Some recently developed synthetic aminoglycosides have demonstrated significantly improved effects compared to gentamicin, evident in substantially higher suppression in RTT model and reduced acute toxicity in vitro [Kandasamy et al. J Med Chem 2012; 55:10630-43; Vecsler et al. PLoS One 2011; 6:e20733].
WO 2007/113841, by some of the present inventors, which is incorporated by reference as if fully set forth herein, teaches a class of paromomycin-derived aminoglycosides, which were designed specifically to exhibit high premature stop-codon mutations readthrough activity while exerting low cytotoxicity in mammalian cells and low antimicrobial activity, and can thus be used in the treatment of genetic diseases. This class of paromomycin-derived aminoglycosides was designed by introducing certain manipulations of a paromamine core, which lead to enhanced readthrough activity and reduced toxicity and antimicrobial activity. The manipulations were made on several positions of the paromamine core.

One such manipulation of the paromamine core which has been described in WO 2007/113841 is the determination of the beneficial role of a hydroxyl group at position 6′ of the aminoglycoside core (see, for example, NB30 and NB54 below).

Another manipulation of the paromamine core which has been defined and demonstrated in WO 2007/113841 is the introduction of one or more monosaccharide moieties or an oligosaccharide moiety at position 3′, 5 and/or 6 of the aminoglycoside core.
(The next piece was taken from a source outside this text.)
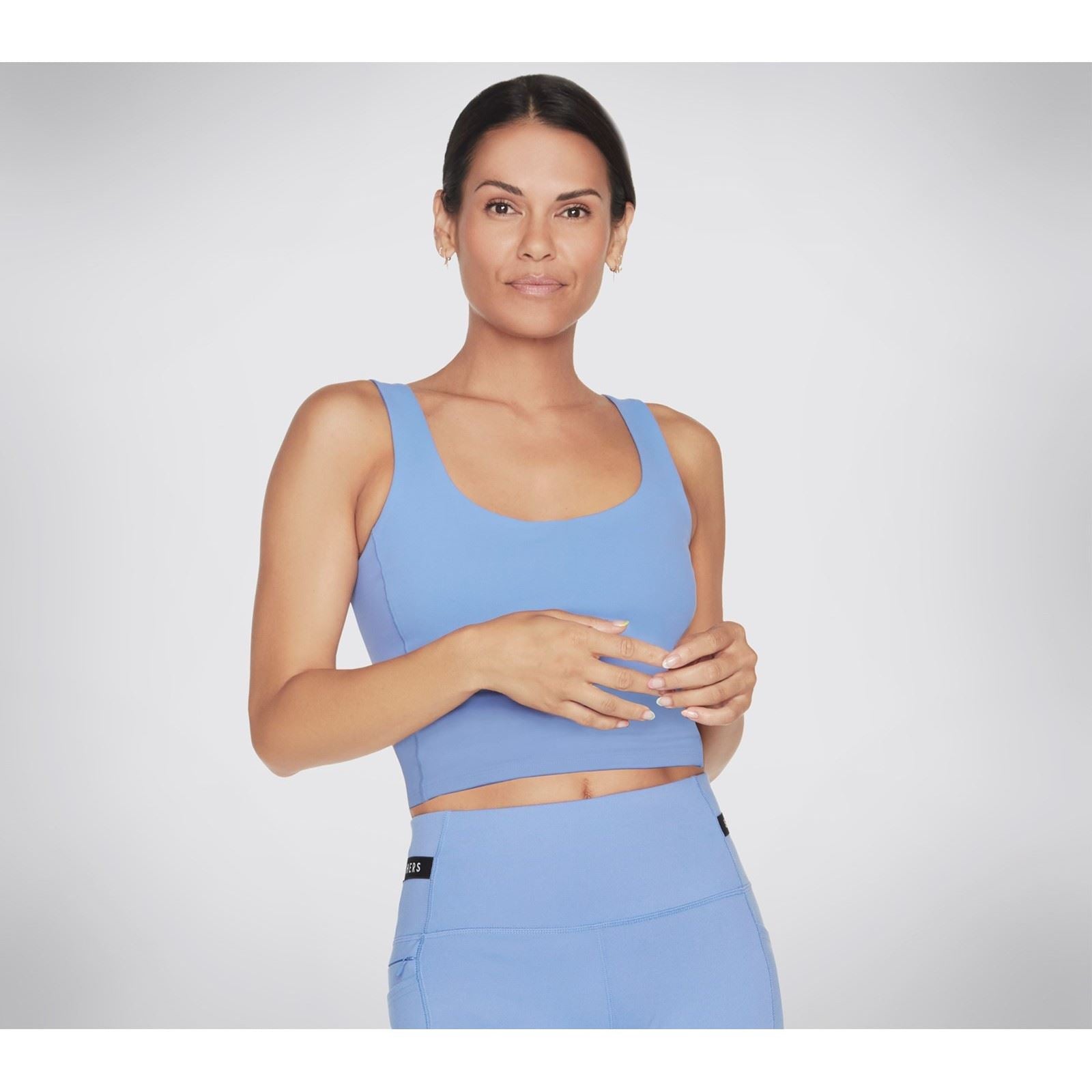 Skechers Performance Goflex Joy Longline Bra Soutien Gorge De Sport Bleu En Nylon Pour Femme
This manipulation is reflected as “Ring III” in the exemplary compounds NB30 and NB54 shown hereinabove.
An additional manipulation of the paromamine core which has been defined and demonstrated in WO 2007/113841 is the introduction of an (S)-4-amino-2-hydroxybutyryl (AHB) moiety at position 1 of the paromamine core. This manipulation is reflected in exemplary compound NB54 shown hereinabove. It has been demonstrated that such an introduction of an AHB moiety provides for enhanced readthrough activity and reduced toxicity.
An additional manipulation of the paromamine core which has been described in WO 2007/113841 is the substitution of hydrogen at position 6′ by an alkyl such as a methyl substituent. This manipulation has been exemplified in a derivative of compounds NB30 and NB54, referred to as NB74 and NB84 respectively.

Vecsler et al. [(2011) PLoS ONE 6(6): e20733] have demonstrated that one of the compounds disclosed in WO 2007/113841 (NB54) induce dose-dependent suppression of MECP2 nonsense mutations more efficiently than gentamicin, which was evident at concentrations as low as 50 mg/ml. The read-through activity was mutation specific, with maximal full-length MeCP2 recovery in R168X (38%), R270X (27%) and R294X (18%). In addition, the recovered MeCP2 was translocated to the cell nucleus and led to parallel increase in one of the most important MeCP2 downstream effectors, the brain derived neurotrophic factor (BDNF).
Brendel et al (2011), supra, describe studies conducted in a mouse model carrying the R168X mutation in the MECP2 gene. Transfected HeLa cells expressing mutated MeCP2 fusion proteins and mouse ear fibroblasts isolated from the mouse model were treated with gentamicin and some of the aminoglycoside analogs described in WO 2007/113841 (NB30, NB54 and NB84). Readthrough of the R168X mutation in mouse ear fibroblasts using gentamicin was detected but at lower level than in HeLa cells, and the readthrough product, full-length Mecp2 protein, was located in the nucleus. NB54 and NB84 induced readthrough more effectively than gentamicin, with the readthrough of nonsense mutations achieved not only in transfected HeLa cells but also in fibroblasts of the generated Mecp2R168X mouse model.
International Patent Application Publication No. WO 2012/066546, by some of the present inventors, which is incorporated by reference as if fully set forth herein, teaches additional manipulations of the paromamine core, resulting in pseudo-trisaccharide aminoglycosides, characterized by a core structure based on Rings I, II and III of paromomycin with the addition of an alkyl in position 5″ on Ring III. The chemical structures of exemplary aminoglycosides disclosed in WO 2012/066546 are presented in Background Art FIG. 1.